◆ To do: Beginning at the line containing "Dodge Durango I: 12 фото", repeat each line below exactly up to and including the line containing "Space And Style". Do not repeat the pictures.

◆ Given records:
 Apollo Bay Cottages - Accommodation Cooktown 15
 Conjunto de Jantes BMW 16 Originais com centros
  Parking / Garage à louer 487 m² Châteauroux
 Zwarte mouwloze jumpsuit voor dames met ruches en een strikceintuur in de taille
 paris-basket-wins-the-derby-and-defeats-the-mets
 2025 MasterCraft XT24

--

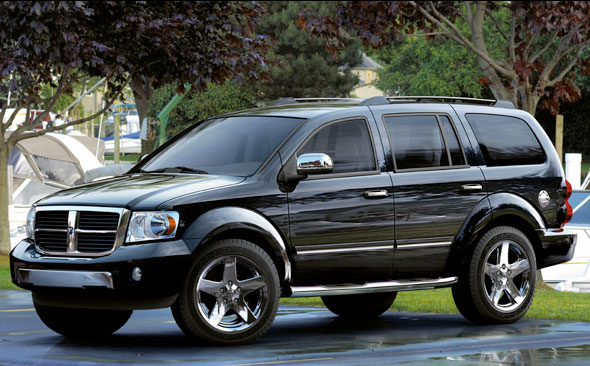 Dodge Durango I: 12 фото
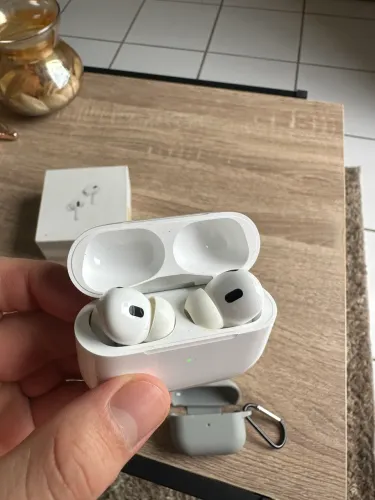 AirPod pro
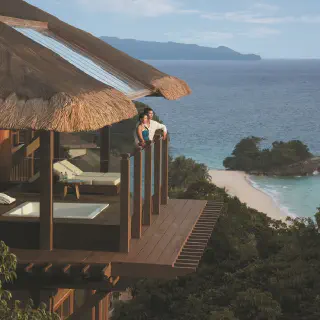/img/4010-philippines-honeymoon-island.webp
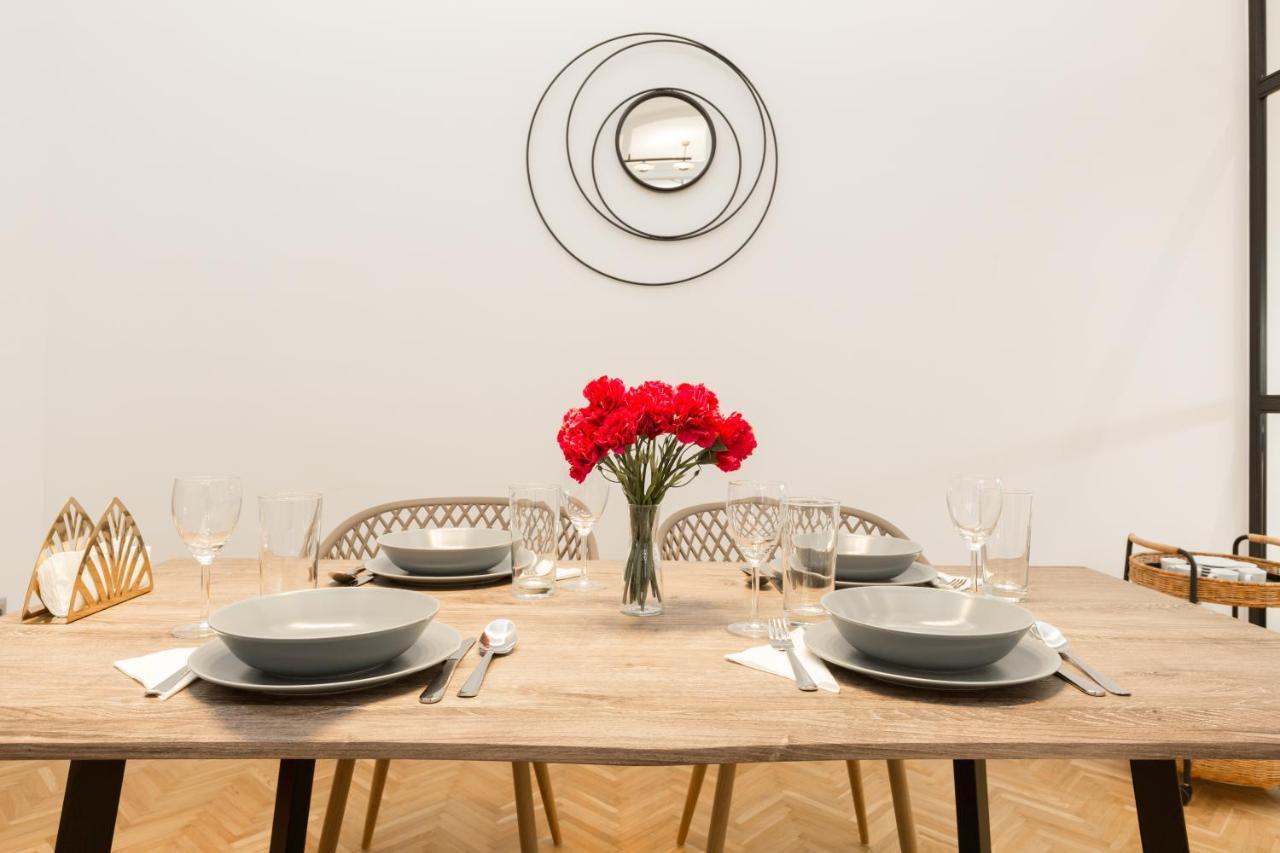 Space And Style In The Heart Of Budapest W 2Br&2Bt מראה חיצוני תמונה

---

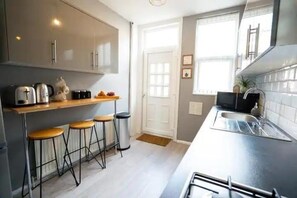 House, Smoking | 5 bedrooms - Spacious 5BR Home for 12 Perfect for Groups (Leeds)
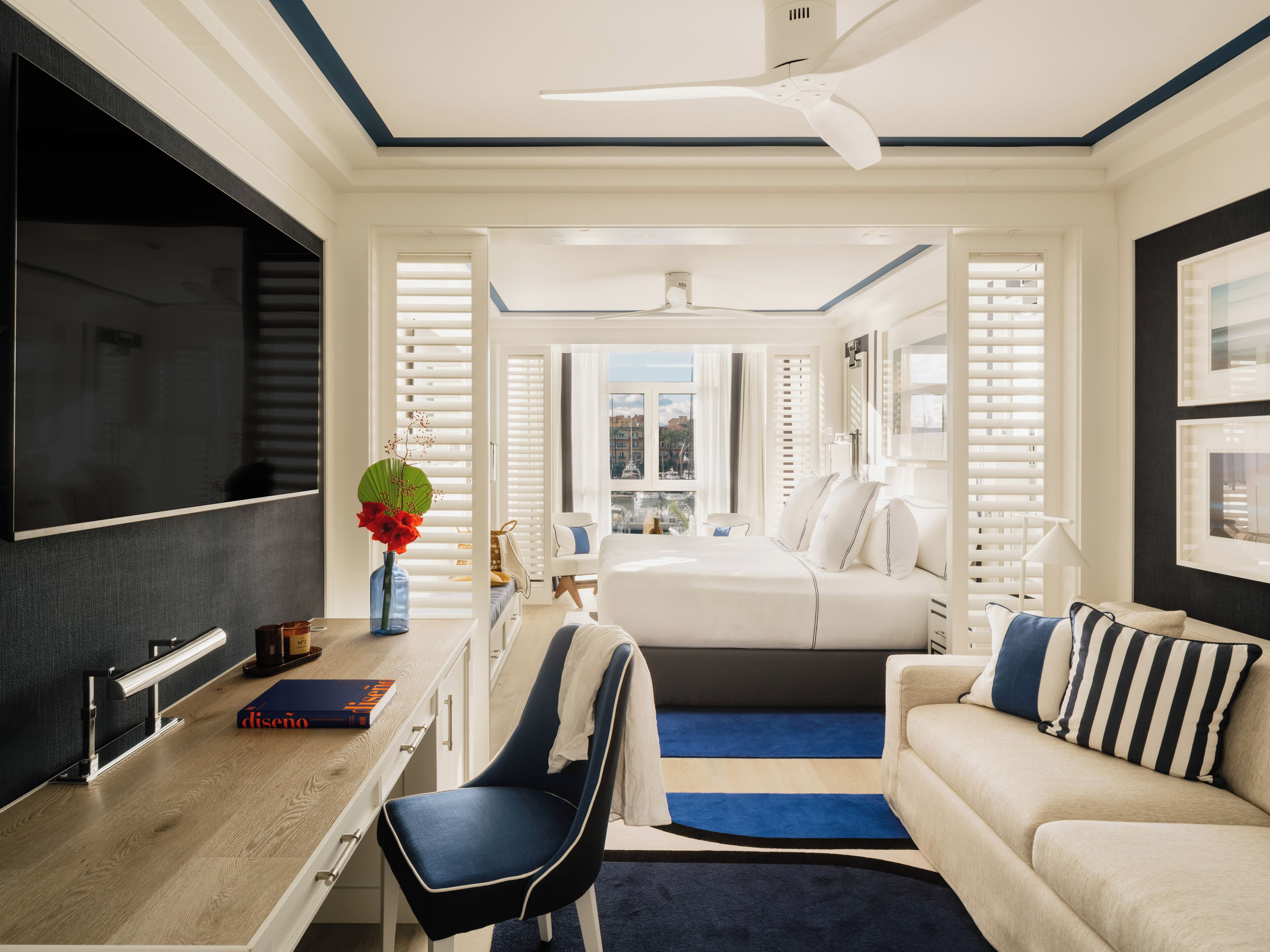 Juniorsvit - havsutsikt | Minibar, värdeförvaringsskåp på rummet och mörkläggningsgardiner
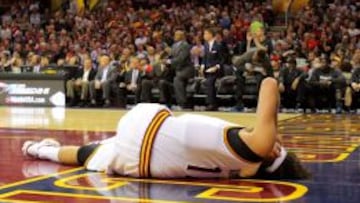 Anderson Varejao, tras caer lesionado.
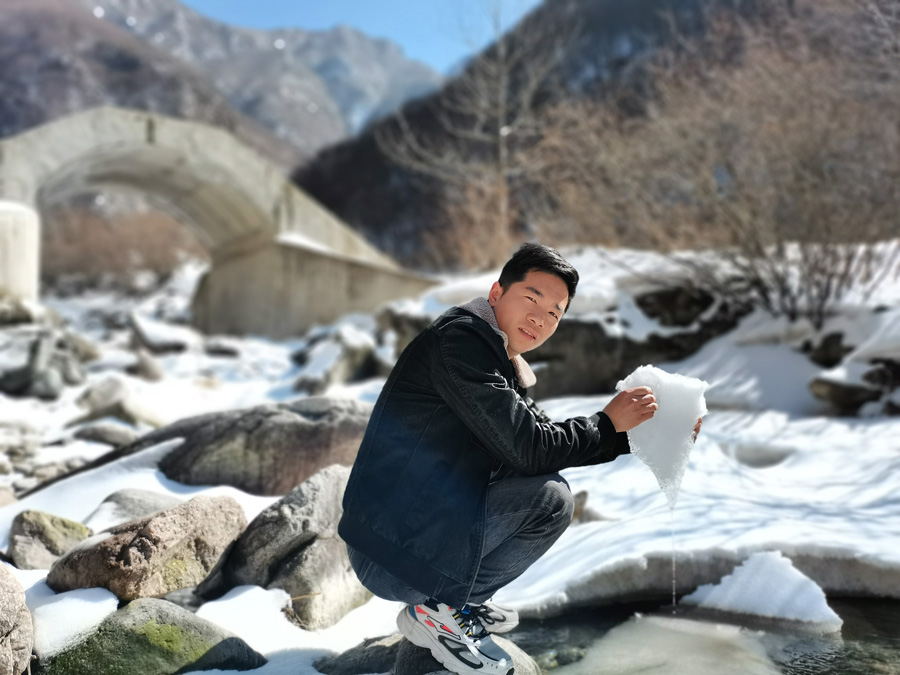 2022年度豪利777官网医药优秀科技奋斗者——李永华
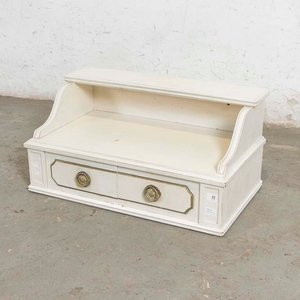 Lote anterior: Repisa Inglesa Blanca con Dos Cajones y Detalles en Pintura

◆ Finished exercise:
 Dodge Durango I: 12 фото
 AirPod pro
/img/4010-philippines-honeymoon-island.webp
 Space And Style In The Heart Of Budapest W 2Br&2Bt מראה חיצוני תמונה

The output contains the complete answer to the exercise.